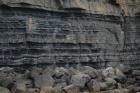 Kilclogher Cliffs exposing deepwater sandstone lobes of the Ross Formation. At the base of the section are thinner bedded more distal portions of lobes capped by thicker bedded sands towards axies of the lobes.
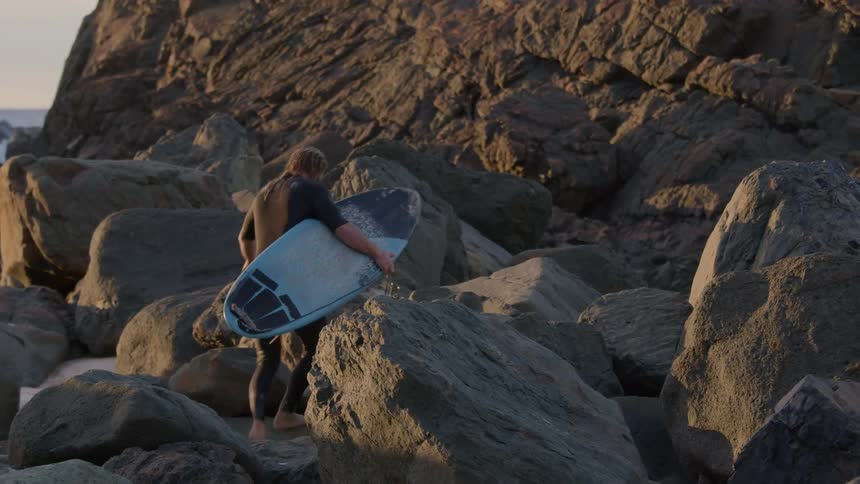Man holding a surfboard climbs up rock formations on a beach in the evening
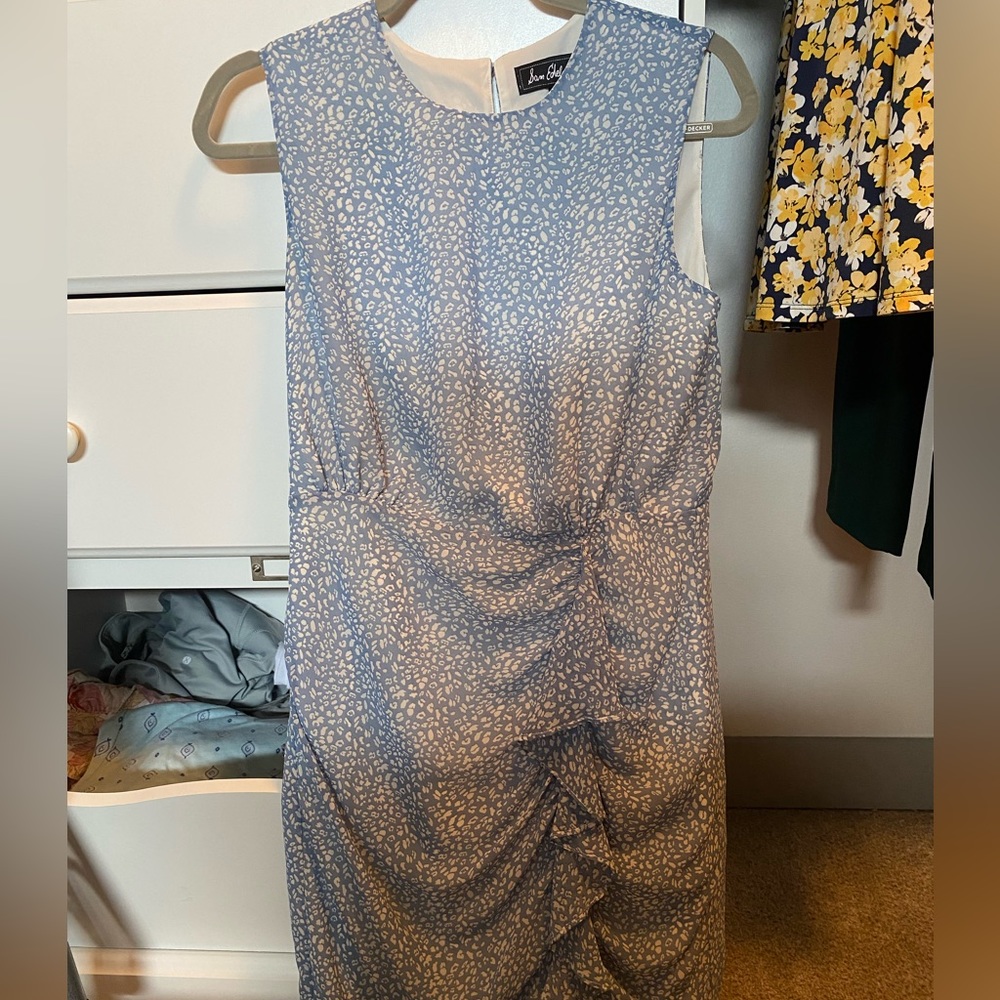 Beautiful, light dress with ruffle details along the bottom side.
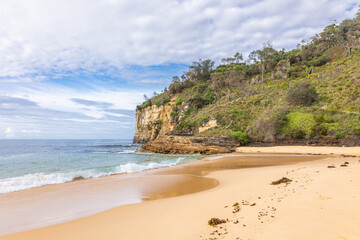 Obraz premium The sandy beach and the southern headland of the large cove with its high, steep sandstone cliffs and coastal vegetation at Steamers Beach in Booderee National Park in New South Wales, Australia.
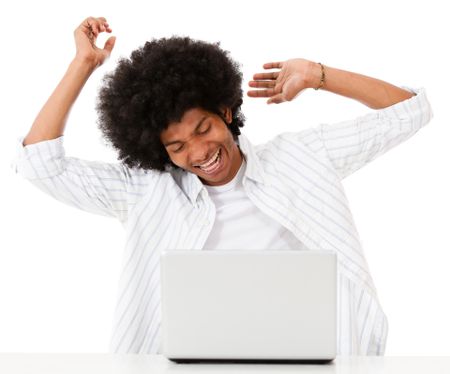 Man having fun on his laptop - isolated over a white background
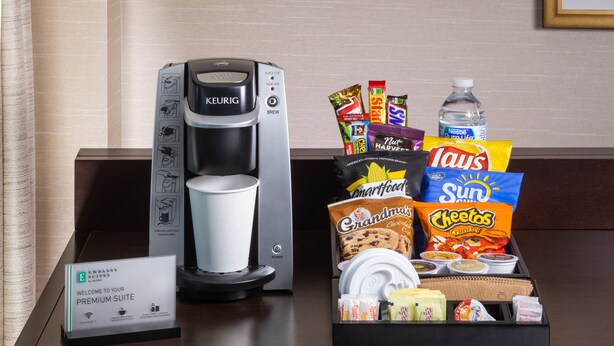 Máquina de café, placa indicando suíte premium e bandeja com batatas fritas e biscoitos.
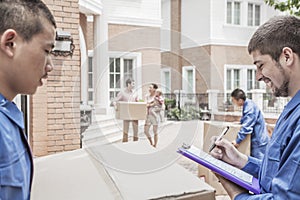 Mover holding clipboard and invoice, family in the background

________

▶ [To do] Leave every picture out, and repeat exactly the lines from the one containing "Máquina de café, placa" through the last line of the entries, both ends included.

▶ [Answer section]
 Máquina de café, placa indicando suíte premium e bandeja com batatas fritas e biscoitos.
 Mover holding clipboard and invoice, family in the background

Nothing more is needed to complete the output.